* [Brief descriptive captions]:
◇ ◇ ◇ ◇ ◇
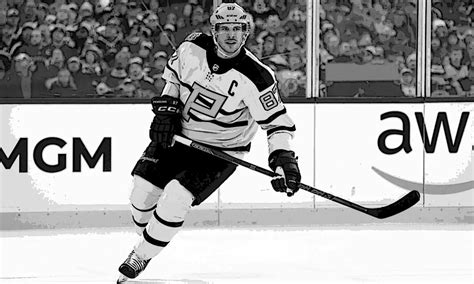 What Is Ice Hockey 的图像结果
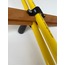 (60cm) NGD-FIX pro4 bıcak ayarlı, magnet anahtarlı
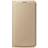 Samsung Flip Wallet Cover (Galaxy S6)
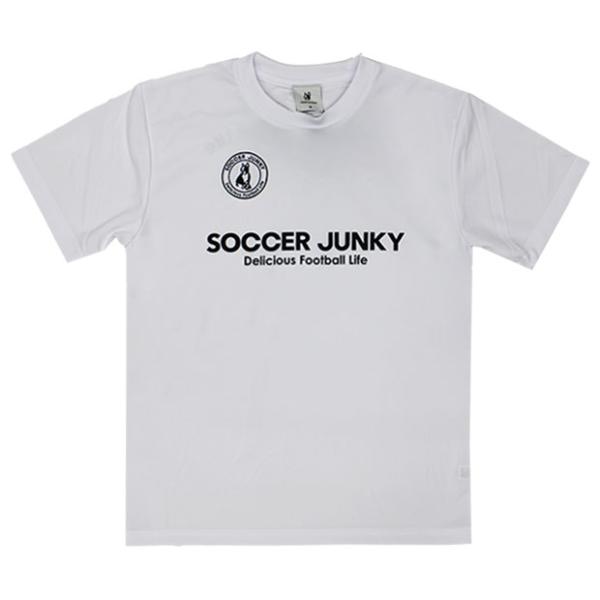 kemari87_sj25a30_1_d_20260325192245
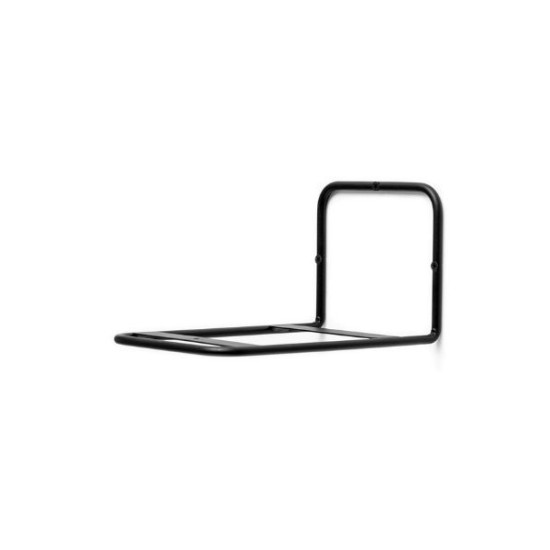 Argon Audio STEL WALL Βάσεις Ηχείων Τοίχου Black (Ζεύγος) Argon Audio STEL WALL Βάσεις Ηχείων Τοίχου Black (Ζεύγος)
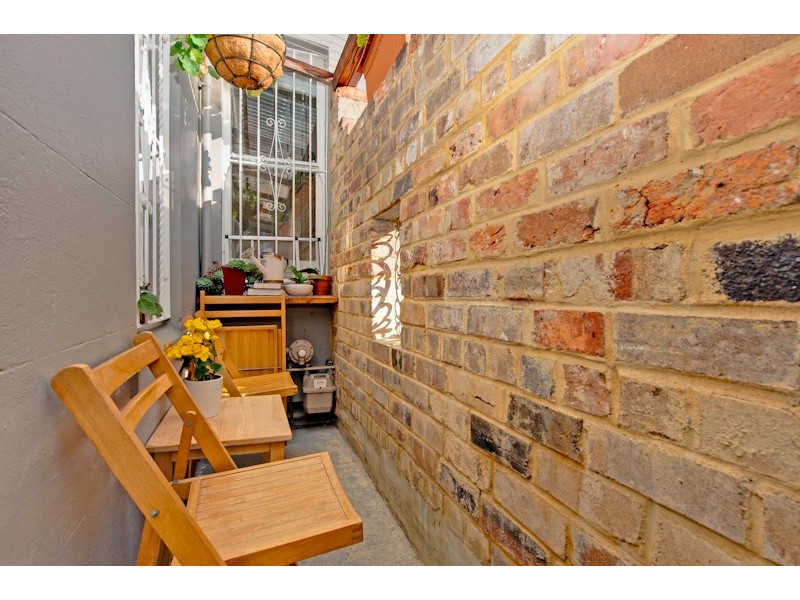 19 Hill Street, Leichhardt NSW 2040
◇ ◇ ◇ ◇ ◇
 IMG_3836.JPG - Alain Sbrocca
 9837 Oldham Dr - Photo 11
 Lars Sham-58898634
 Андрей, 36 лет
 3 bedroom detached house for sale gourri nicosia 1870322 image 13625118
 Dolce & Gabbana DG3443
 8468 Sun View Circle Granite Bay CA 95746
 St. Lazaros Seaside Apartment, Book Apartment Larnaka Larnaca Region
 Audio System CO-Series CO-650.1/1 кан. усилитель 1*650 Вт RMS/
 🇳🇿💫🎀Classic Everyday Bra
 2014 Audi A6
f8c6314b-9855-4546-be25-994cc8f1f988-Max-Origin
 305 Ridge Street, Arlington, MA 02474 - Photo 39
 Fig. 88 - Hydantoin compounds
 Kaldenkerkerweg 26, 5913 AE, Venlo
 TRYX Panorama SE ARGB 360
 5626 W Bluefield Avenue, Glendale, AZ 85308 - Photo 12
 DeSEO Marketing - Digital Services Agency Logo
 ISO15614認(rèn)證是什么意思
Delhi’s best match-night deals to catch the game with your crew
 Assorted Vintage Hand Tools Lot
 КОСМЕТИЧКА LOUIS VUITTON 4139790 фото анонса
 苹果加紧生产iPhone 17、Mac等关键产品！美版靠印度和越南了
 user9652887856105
◇ ◇ ◇ ◇ ◇
Extract from the records above the lines from the one containing "5626 W Bluefield" to the one containing "user9652887856105", both lines included, exactly as they appear and with nothing else.

 5626 W Bluefield Avenue, Glendale, AZ 85308 - Photo 12
 DeSEO Marketing - Digital Services Agency Logo
 ISO15614認(rèn)證是什么意思
Delhi’s best match-night deals to catch the game with your crew
 Assorted Vintage Hand Tools Lot
 КОСМЕТИЧКА LOUIS VUITTON 4139790 фото анонса
 苹果加紧生产iPhone 17、Mac等关键产品！美版靠印度和越南了
 user9652887856105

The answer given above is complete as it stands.